***** DATA UNDER STUDY *****

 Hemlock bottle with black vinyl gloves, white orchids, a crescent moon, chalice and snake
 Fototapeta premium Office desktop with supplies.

*****
***** DATA UNDER STUDY *****

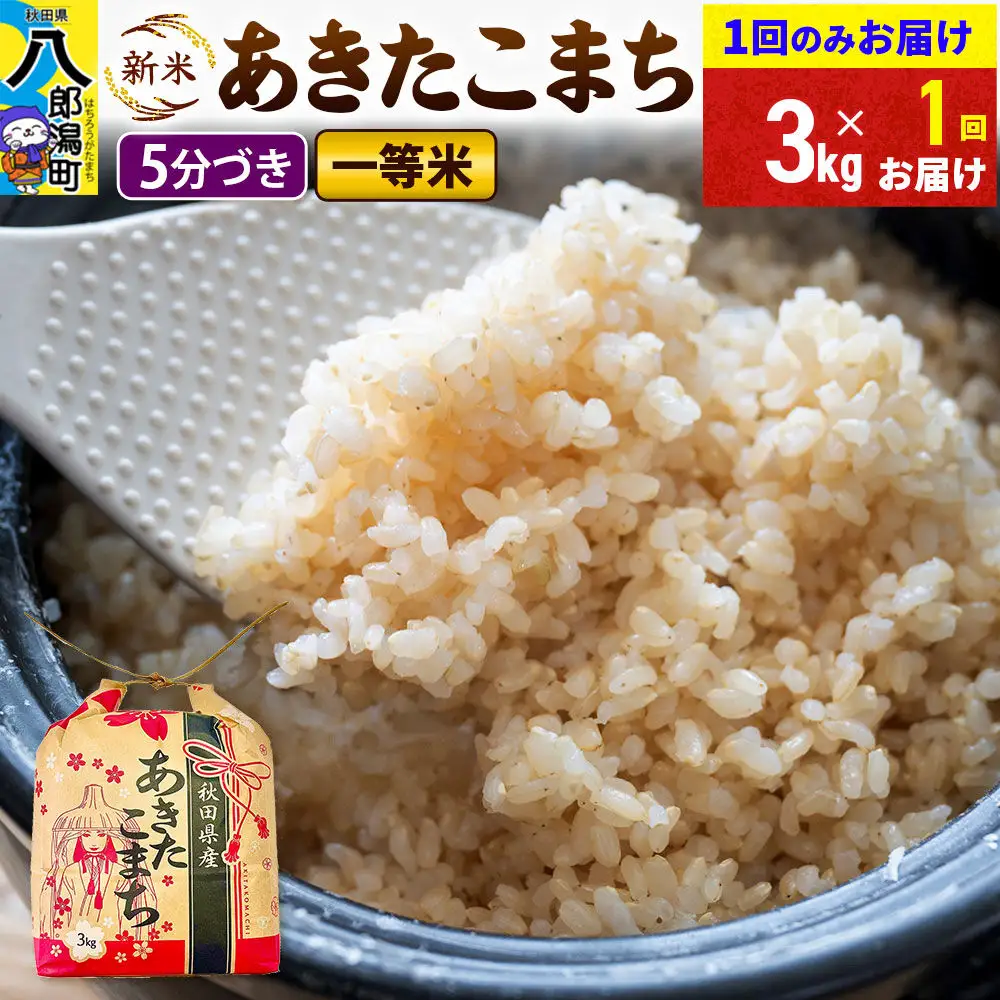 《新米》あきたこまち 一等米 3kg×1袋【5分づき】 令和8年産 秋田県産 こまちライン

*****

Which lines of the records above contain the word "with"? Report each one in full.

- [RESULT]
 Hemlock bottle with black vinyl gloves, white orchids, a crescent moon, chalice and snake
 Fototapeta premium Office desktop with supplies.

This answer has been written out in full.